## Exercise details
Return exactly the lines of the entries that start at the line containing "Nemyslitelné se stalo" and continue to the last line. Omit the pictures.

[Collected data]
=== Section Start ===

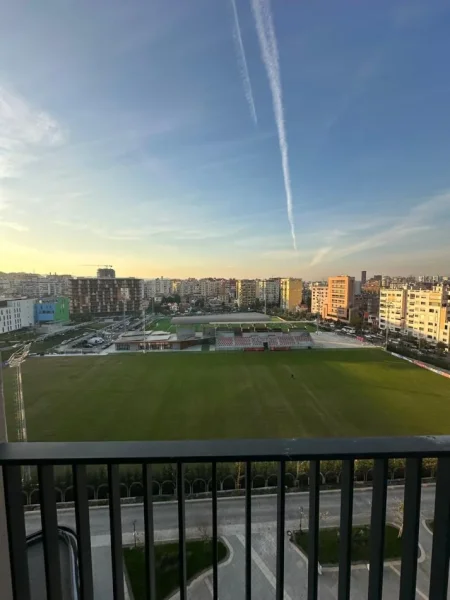 Tirane, shitet apartament 3+1+Ballkon Kati 9, 216 m² 612.000 € (Lake View Residence , Liqeni)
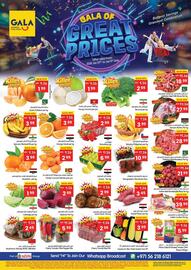 Gala Supermarket catalogue Page 12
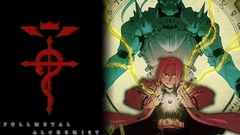 Fullmetal alchemist alphonse Elric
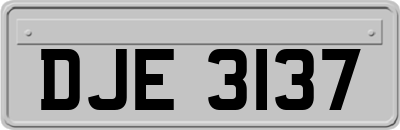 DJE3137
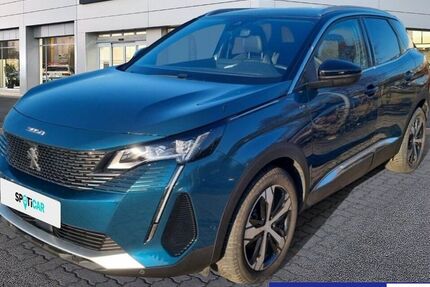 Peugeot 3008 18.227 km 22.790 &euro; Jüterbog 14913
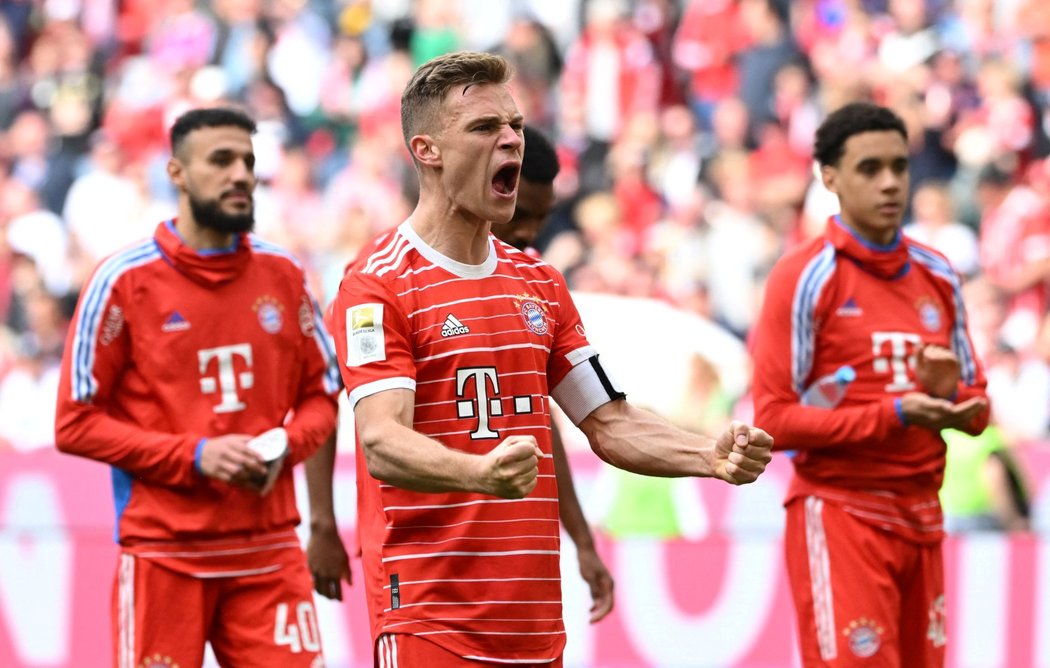 Nemyslitelné se stalo možným a Bayern se raduje z titulu!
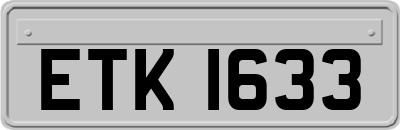 ETK1633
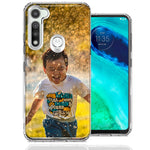 Personalized Motorola Moto G Fast Case Custom Photo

=== Section End ===

## Response to the task
 Nemyslitelné se stalo možným a Bayern se raduje z titulu!
 ETK1633
 Personalized Motorola Moto G Fast Case Custom Photo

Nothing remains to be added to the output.